Hoy lamentamos que esa pieza oratoria del 19 de mayo de 1895 nunca fue volcada al papel. Bien se sabe, no obstante, que el Apóstol habló de la futura República, de apartar el odio; habló de patria y generosidad. Y que dejó una expresión tremenda delante de más de 300 integrantes del Ejército Libertador, quienes lo observaban con admiración, flanqueado por Máximo Gómez y Bartolomé Masó: «Por Cuba estoy dispuesto a que me claven en la cruz».

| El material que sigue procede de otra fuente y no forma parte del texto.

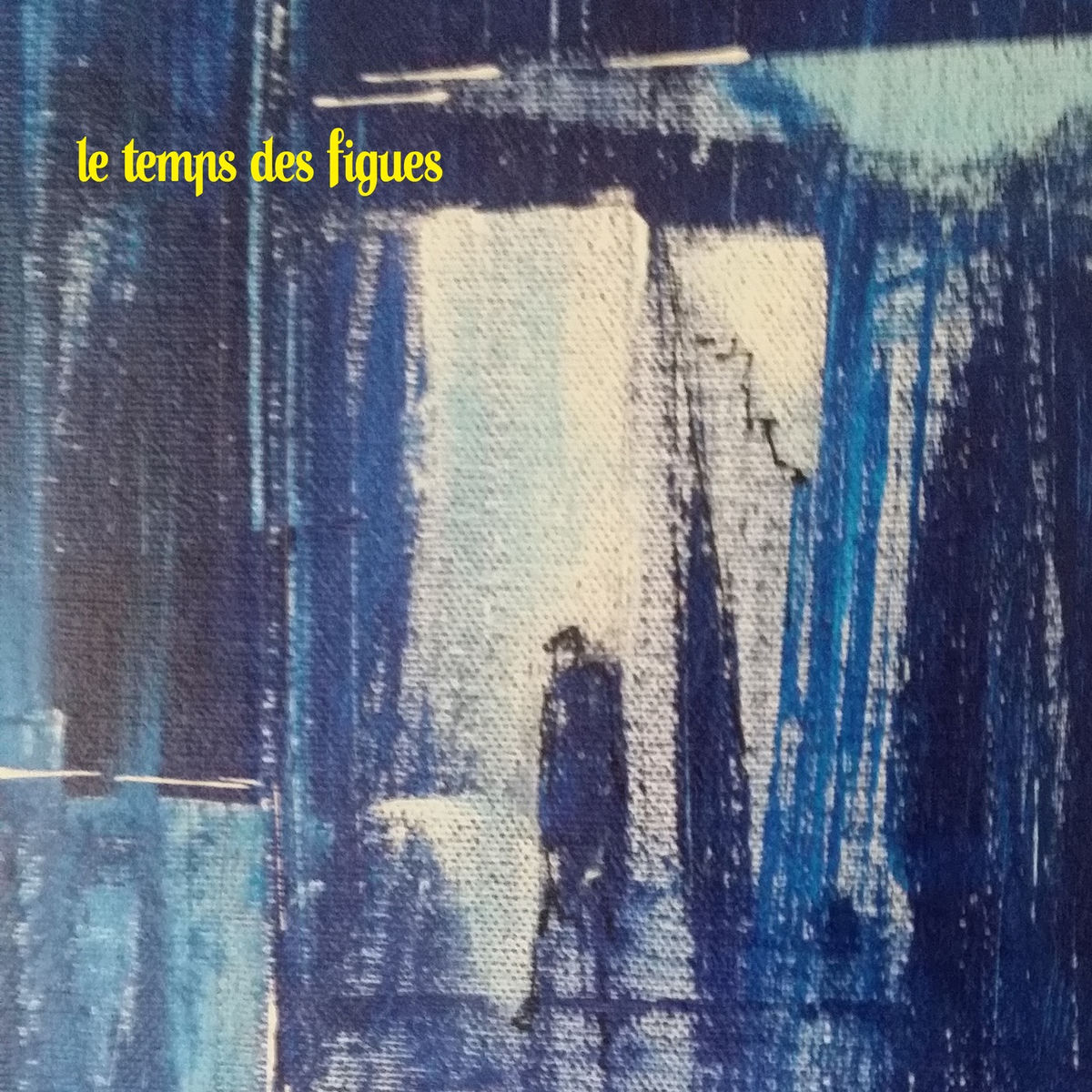 Album cover of Le temps des figues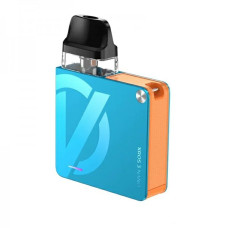 Pod-система VAPORESSO XROS 3 NANO KIT "Bondi Blue" у блакитному кольорі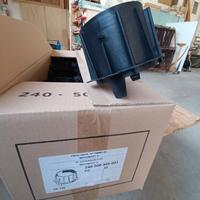 prolunghe per pavimento galleggiante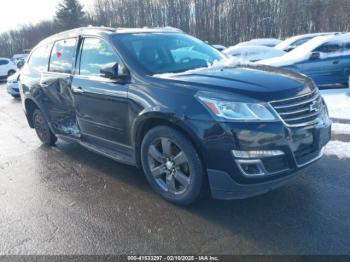  Salvage Chevrolet Traverse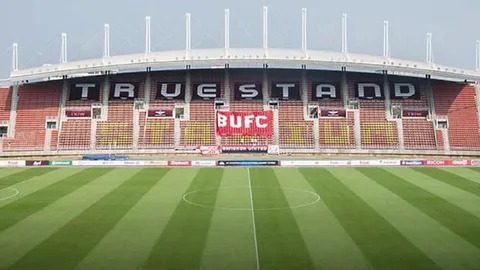 จาก 2 เป็น 3 คอนเสิร์ต คาด "ทีมชาติไทย" ใช้สนาม มธ. ลุยอาเซียน คัพ 2022 จนรอบชิง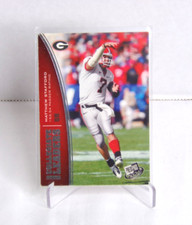 Matthew Stafford RC LL 2009 Press Pass # 77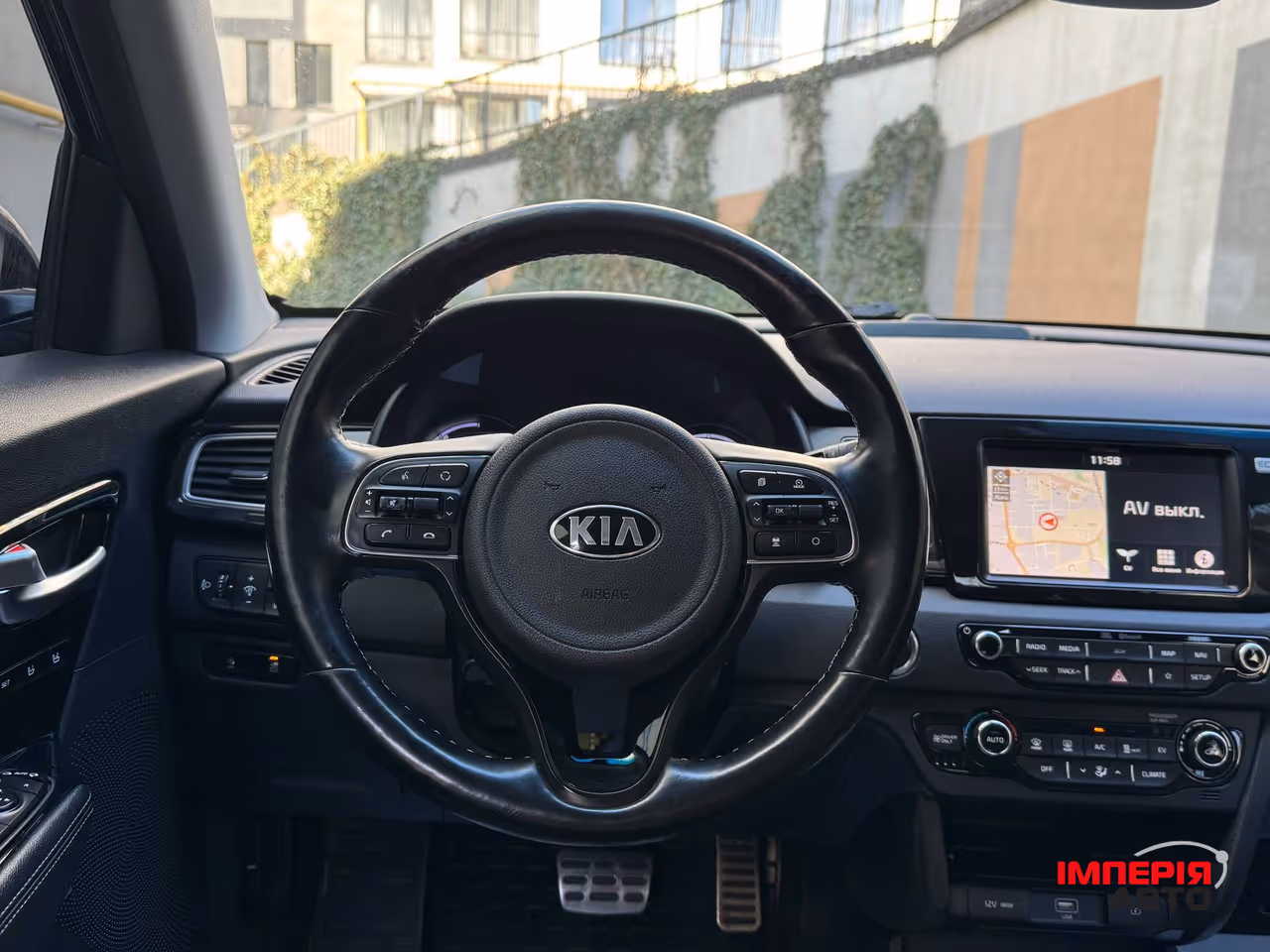 Kia Niro - фото 17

Quizá, entonces, algunos entiendan mejor la tragedia que sobrevino unas horas más tarde: el patriota caía en combate no lejos del sitio del discurso. Y es que luego de tal pieza oratoria «que nos enardeció sobremanera», al decir de Piedra Martel, el Apóstol no quería ni debía quedarse a la zaga, como le indicó el Generalísimo.
Así, en definitiva, era Martí. Sabía que su verbo sacudía y motivaba, y al mismo tiempo estimaba que la Revolución no podía hacerse solo con palabras.
Había sido apodado en Guatemala, por algunos celosos de su cultura, como «el Doctor Torrente», una mofa que terminó dibujando su inmenso caudal oratorio y su magia para convencer.
«Era capaz de persuadir al confundido, levantar al pesimista, alzar al culpable sobre la propia culpa hecha destrozos, y hasta lograba que el exenemigo contribuyera con dinero para la causa», plasmó el colega Victor Joaquín Ortega en una reseña publicada en Cubaperiodistas.
También, como apunta Ortega, provocaba envidia en unos pocos. El mismísimo Martí, en uno de esos discursos, se sorprendió al comprobar el disgusto de un hombre, que se había convertido en la nota discordante en el auditorio.
«Y como desde la tribuna vi a un extraño que sufría con el éxito de mis palabras me afligí de manera y me conturbó su pena de tal modo, que estuve a punto de acabar balbuceando mi discurso», narró el Hombre de La Edad de Oro.
No sabemos cuántos discursos pronunció en su convulsa existencia; claro que son más de los 21 que, según la enciclopedia cubana Ecured, se compilan hasta el presente.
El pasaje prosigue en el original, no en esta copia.